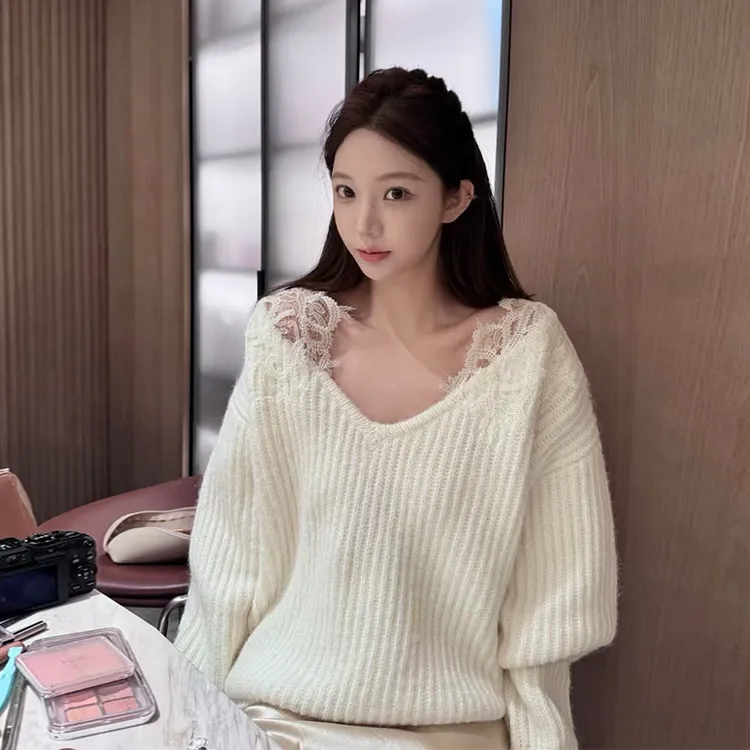 慎婕同款CNLEEWEI 宽松V领蕾丝拼接针织衫毛衣2026春夏新款leewei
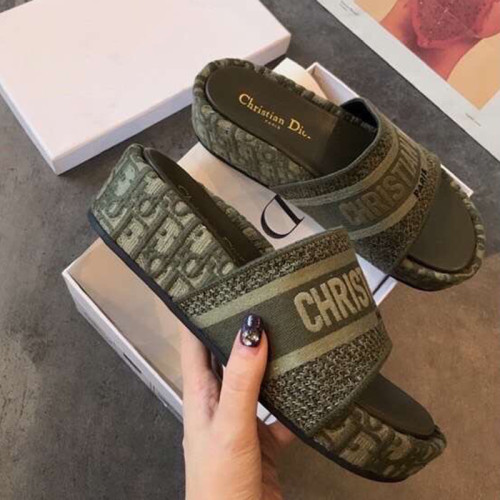 Dior Women Shoes Sandals Slippers Luxury Brand Thick Sole Womens Slippers with Original Box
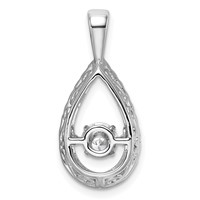 14K White Gold 0.88 Carat Lab Grown Diamond VS+ F+ Complete Teardrop Pendant view 3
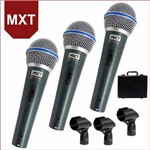 Kit de 3 Microfones de Mão Dinâmico MXT BTM-58A + Cabos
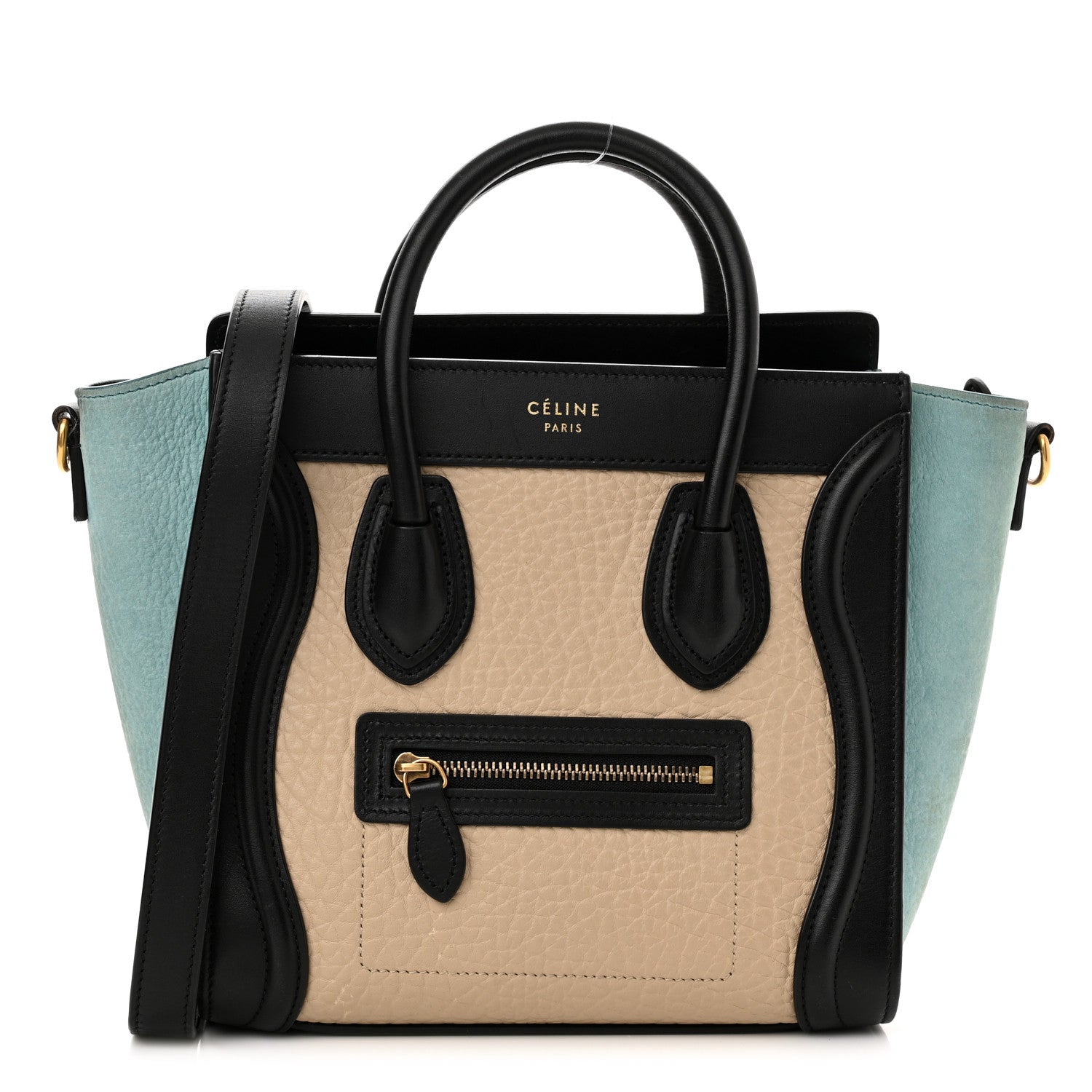 Celine Drummed Calfskin Nano Tri-Color Luggage Antarctic 1 of 15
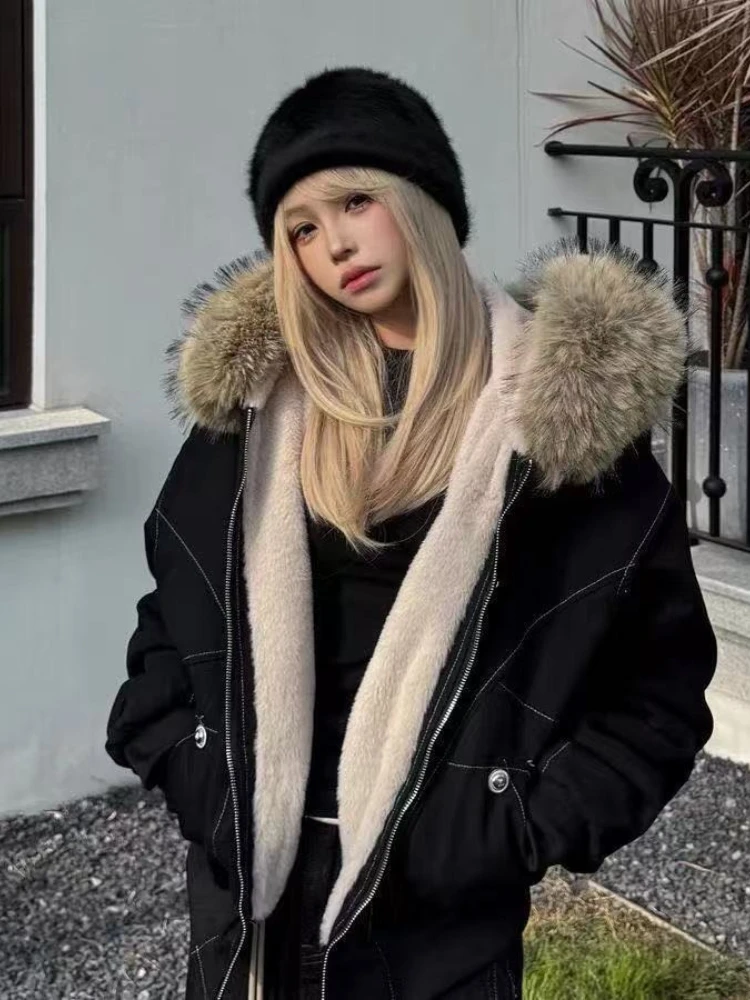 American Vintage Long Sleeve Short Parkas Faux Fur Hooded Women Casual Streetwear Coat Retro Pure Color Zipper 2025 Autumn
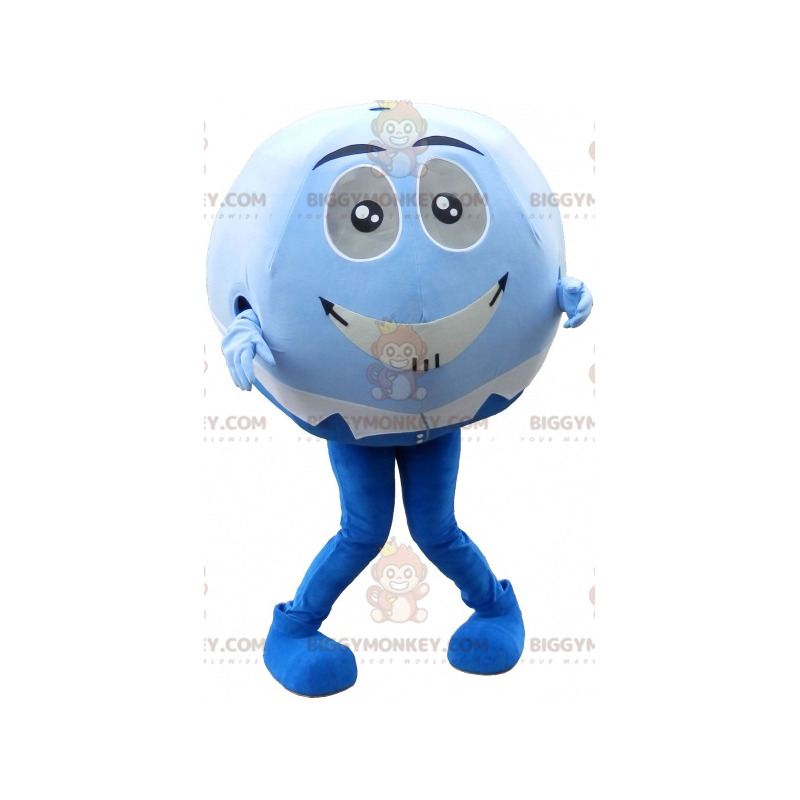 Costume de mascotte BIGGYMONKEY™ de balle bleue et blanche.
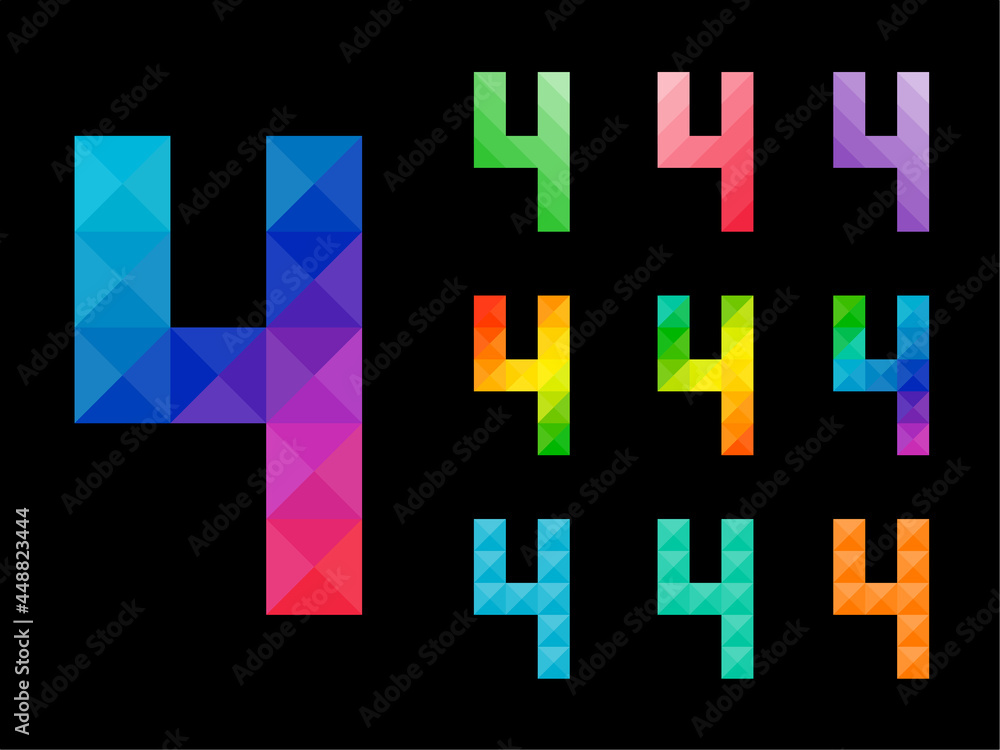 Set of colorful Number 4 with 3d concept art design. Good for web, app, or project element. Vector illustration. Set of colorful Number 4 with 3d concept art design. Good for web, app, or project element. Vector illustration.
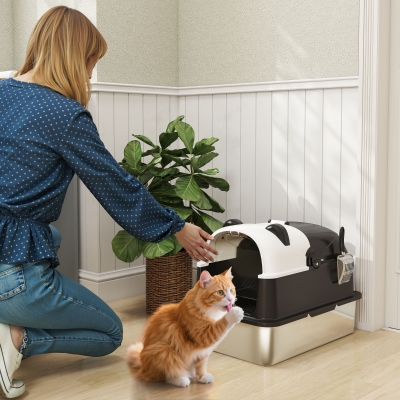 PawHut Panda Style XL Stainless Steel Cat Litter Box with Lid, Enclosed Kitty Litter Box with Scoop, 23.7" x 15.9" x 17.6"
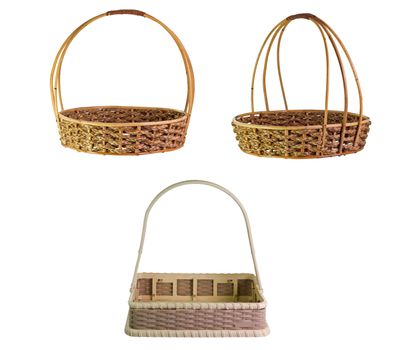 Empty Rattan Gift Basket on isolated white background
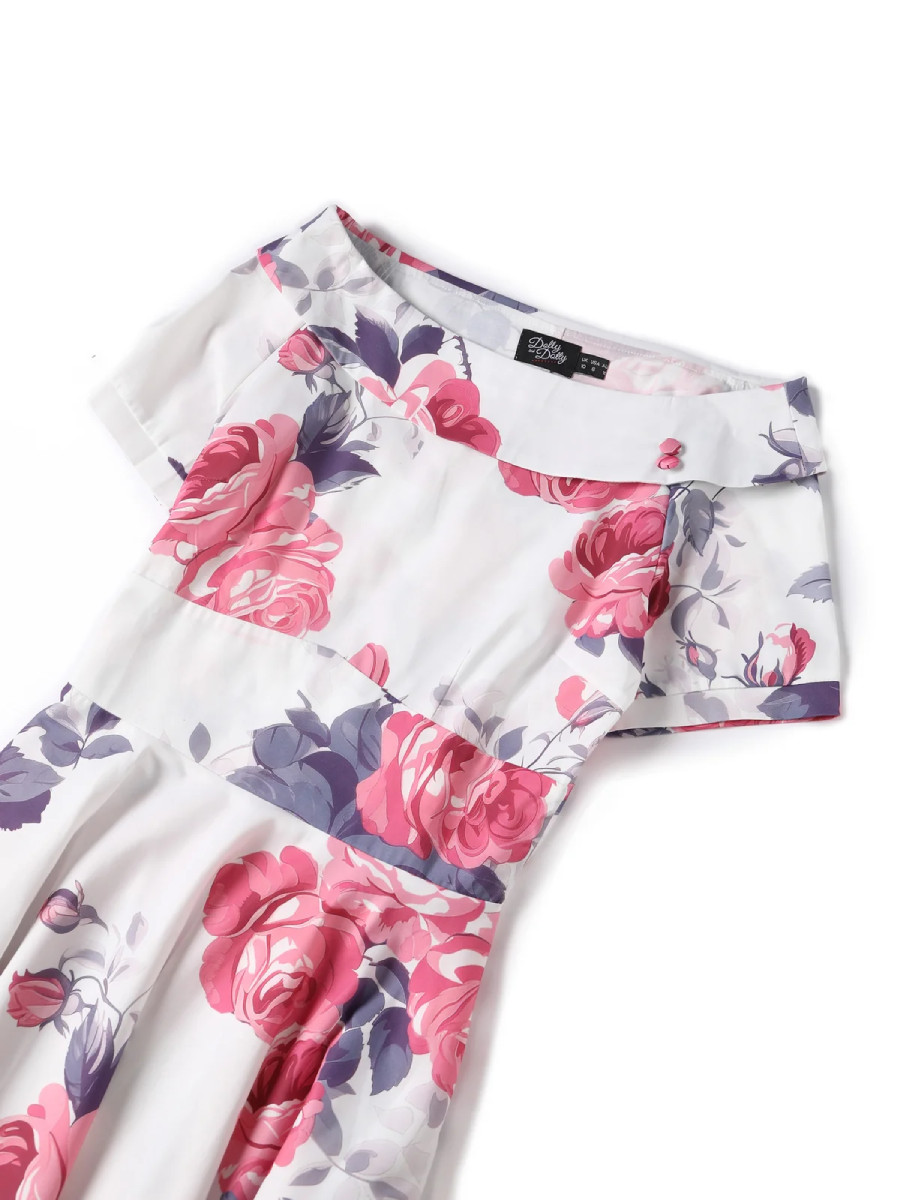 Dolly & Dotty Kleid Darlene White Pink Floral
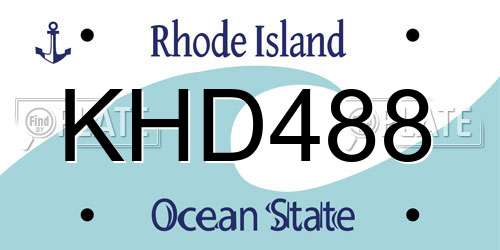 KHD488 Rhode Island License Plate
────────────────────
Your objective:
Find where the line with "14K White Gold" sits in the material above and where the line with "American Vintage Long" sits. Set down exactly the lines from the first to the second, both included and nothing else, without pictures.

Answer below:
 14K White Gold 0.88 Carat Lab Grown Diamond VS+ F+ Complete Teardrop Pendant view 3
 Kit de 3 Microfones de Mão Dinâmico MXT BTM-58A + Cabos
 Celine Drummed Calfskin Nano Tri-Color Luggage Antarctic 1 of 15
 American Vintage Long Sleeve Short Parkas Faux Fur Hooded Women Casual Streetwear Coat Retro Pure Color Zipper 2025 Autumn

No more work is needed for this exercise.